Tussen waar en onwaar vind je de deur naar non-dualiteit.
Sjef: Ken jij de wet van non-contradictie?
Hans: Een stelling kan niet tegelijk waar en onwaar zijn.
Sjef: Precies.
Hans: Geef eens een voorbeeld.
Sjef: De zon kan niet tegelijk op en onder zijn.
Hans: Dat zou een wet zijn?
Sjef: Volgens mijn logicaboek wel.
Hans: Staat er een bewijs bij?
Sjef: Nee.
Hans: Weet je hoe dat komt?
Sjef: Nou?
Hans: Doordat het geen wet is.
Sjef: Wat is het dan wel?
Hans: Een postulaat.
Sjef: Een wat?
Hans: Iets wat je veronderstelt omdat er anders niet te redeneren valt.
Sjef: O.
Hans: Bedenk eens een redenering op grond van de wet van non-contradictie.
Sjef: De zon kan niet tegelijk op en onder zijn, de zon is op, daarom is de zon niet onder.

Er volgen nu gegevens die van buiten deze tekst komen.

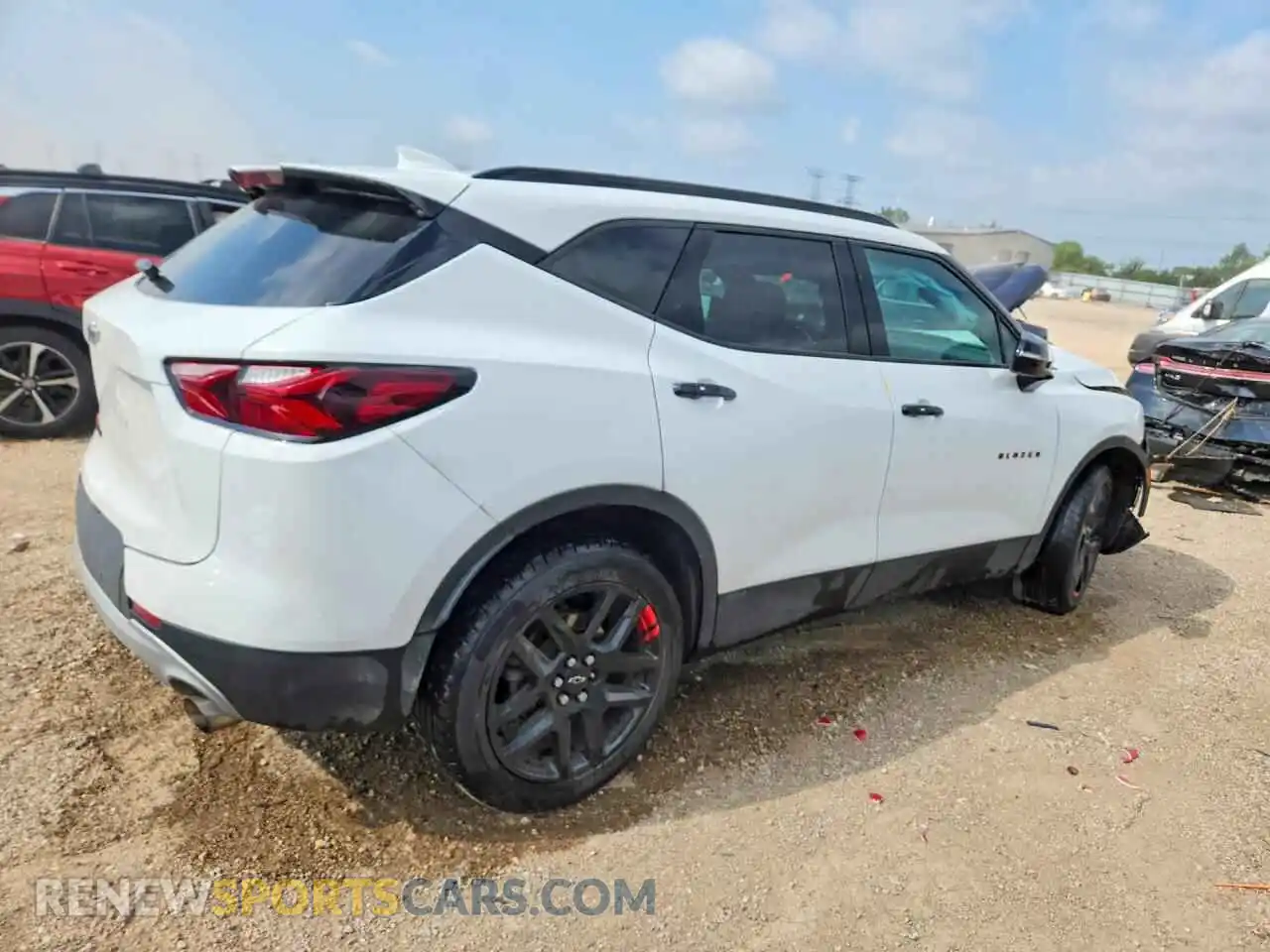 3 fotografías del automóvil dañado 3GNKBHRS2MS582100 CHEVROLET BLAZER 2021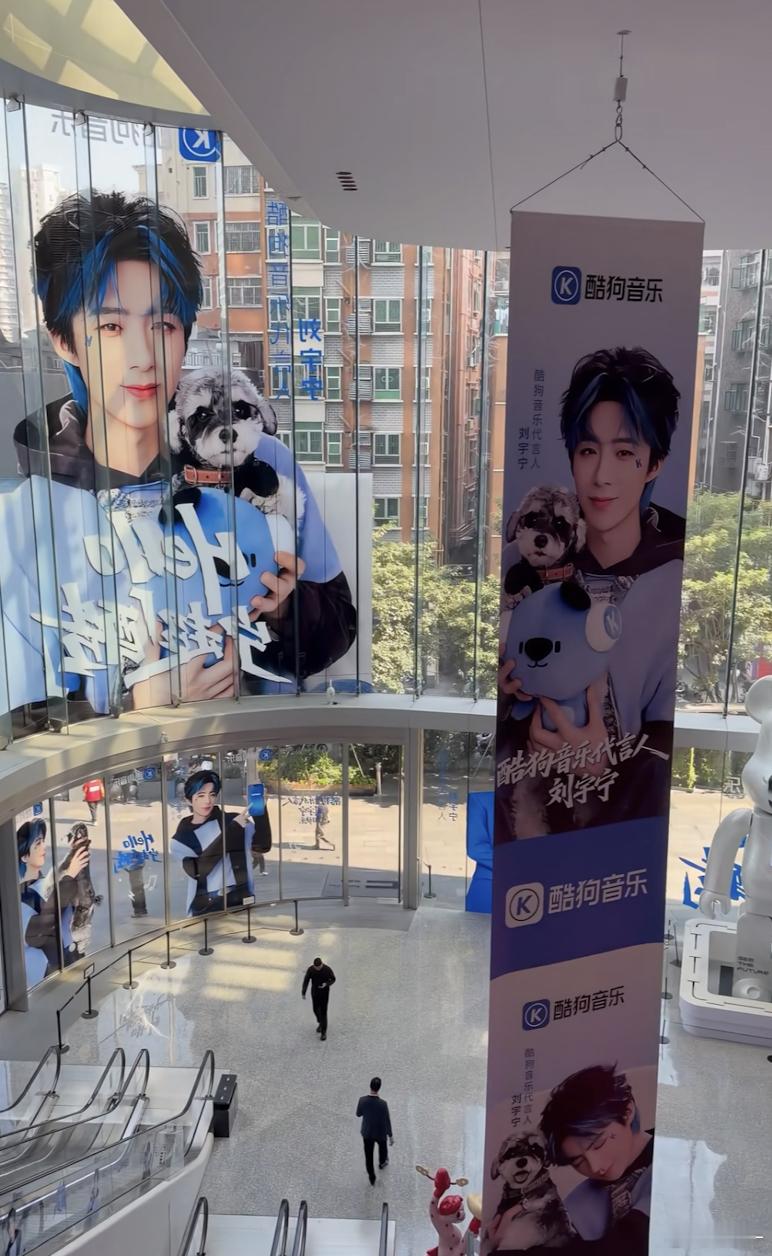 好细节啊，这些海报都知道避刘宇宁的脸写祝福语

Hans: Aangenomen dat de wet van non-contradictie van toepassing is.
Sjef: Die is altijd van toepassing.
Hans: Spruitjes zijn lekker en vies.
Sjef: Dat is een kwestie van smaak.
Hans: Landbouwgif is nuttig en schadelijk.
Sjef: Meningen verschillen.
Hans: Een zakdoek voor een mens is een laken voor een kabouter.
Sjef: Grootte is relatief.
Hans: Kanker is slecht voor de patiënt en goed voor het ziekenhuis.
Sjef: Dat is appels met peren vergelijken.
Hans: Als de zon halverwege de kim staat is hij op en onder.
Sjef: Dat is een kwestie van definitie.
Hans: Als de zon achter de horizon is verdwenen, zien we hem door het lenseffect van de lucht tochnog aan de horizon staan.’
Sjef: Dat is een optische illusie.
Hans: Geef dan eens een ondubbelzinnig voorbeeld.
Sjef: Iets kan niet tegelijk hier en daar zijn.
Hans: Je hoofd is hier, je hand is daar dus je lichaam is hier en daar.
Sjef: Ik kom heus wel op een goed voorbeeld.
Hans: Je komt erop of je komt er niet op.
Sjef: Ik kom erop terug.
Hans: Blijf je erbij dat de wet van non-contradictie altijd van toepassing is?
Sjef: Niet altijd.
Hans: Dan is het geen wet.
Sjef: Wat is het alternatief?
Hans: Geen idee. De wet van contradictie?